_Task data_
::::

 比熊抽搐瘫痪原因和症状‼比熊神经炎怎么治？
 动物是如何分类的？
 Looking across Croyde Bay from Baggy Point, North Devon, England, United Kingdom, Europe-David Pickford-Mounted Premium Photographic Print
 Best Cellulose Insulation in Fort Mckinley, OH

::::

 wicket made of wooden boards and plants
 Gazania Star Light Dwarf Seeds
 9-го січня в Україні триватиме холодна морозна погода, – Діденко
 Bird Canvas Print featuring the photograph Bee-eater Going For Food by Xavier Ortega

::::

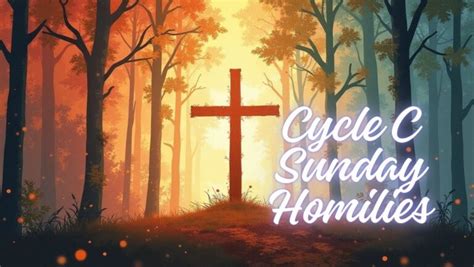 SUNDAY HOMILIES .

::::

_Task goal_
Could you restate word for word the lines above, from the one that contains "比熊抽搐瘫痪原因和症状‼比熊神经炎怎么治？" through the one that contains "Best Cellulose Insulation", and no others?

_Result of the task_
 比熊抽搐瘫痪原因和症状‼比熊神经炎怎么治？
 动物是如何分类的？
 Looking across Croyde Bay from Baggy Point, North Devon, England, United Kingdom, Europe-David Pickford-Mounted Premium Photographic Print
 Best Cellulose Insulation in Fort Mckinley, OH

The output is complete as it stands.